(Caption-style text data)
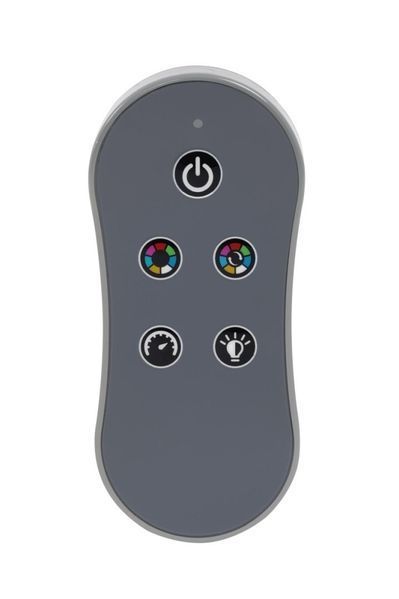 Джакузі Bestway Lay-Z-Spa Hollywood LUXE Air Jet 6001F 2320 фото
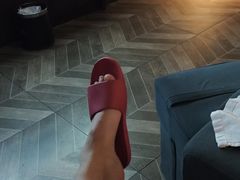 -和子足浴SPA会馆(东方之门店)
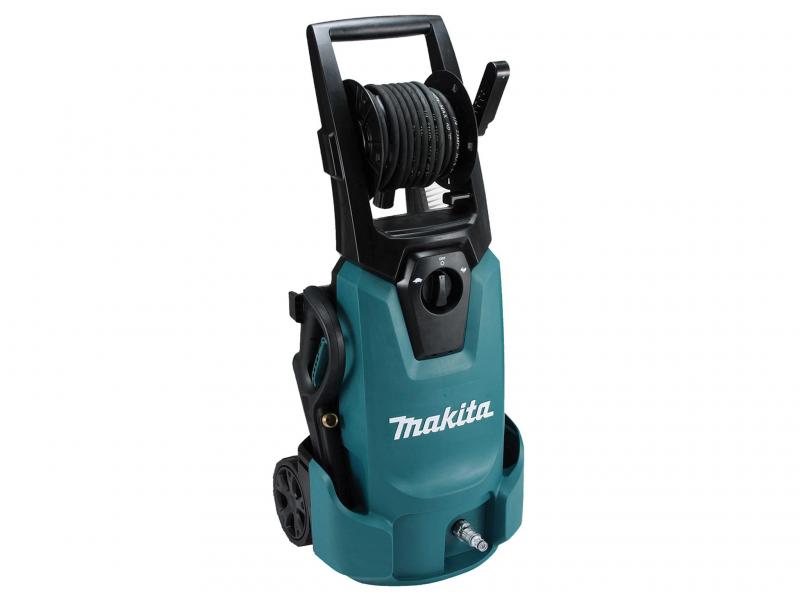 Очиститель высокого давления HW 1300, MAKITA, HW1300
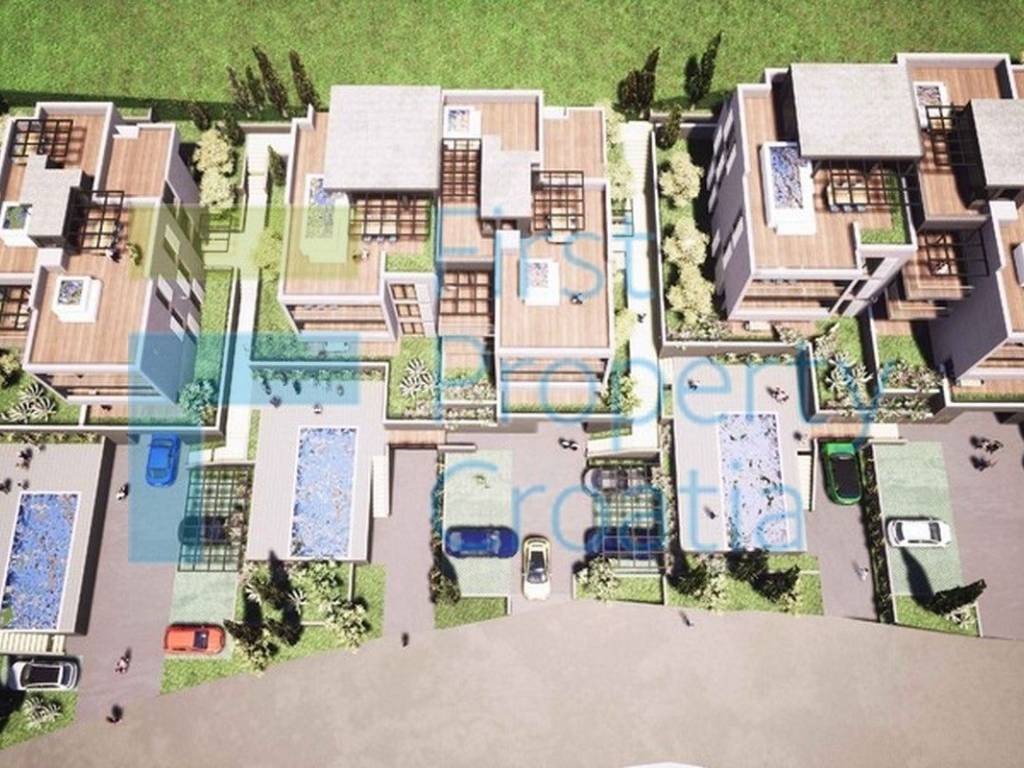 Apartman, Prodaja, Trogir, Ciovo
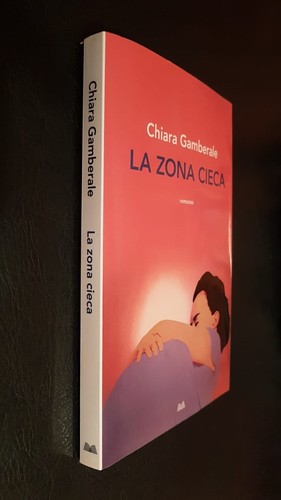 Zona cieca chiara - la,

• **What the task requires**: A complete and exact copy of the records is required. Exclude the pictures.

• **Written answer**:
 Джакузі Bestway Lay-Z-Spa Hollywood LUXE Air Jet 6001F 2320 фото
 -和子足浴SPA会馆(东方之门店)
 Очиститель высокого давления HW 1300, MAKITA, HW1300
 Apartman, Prodaja, Trogir, Ciovo
 Zona cieca chiara - la,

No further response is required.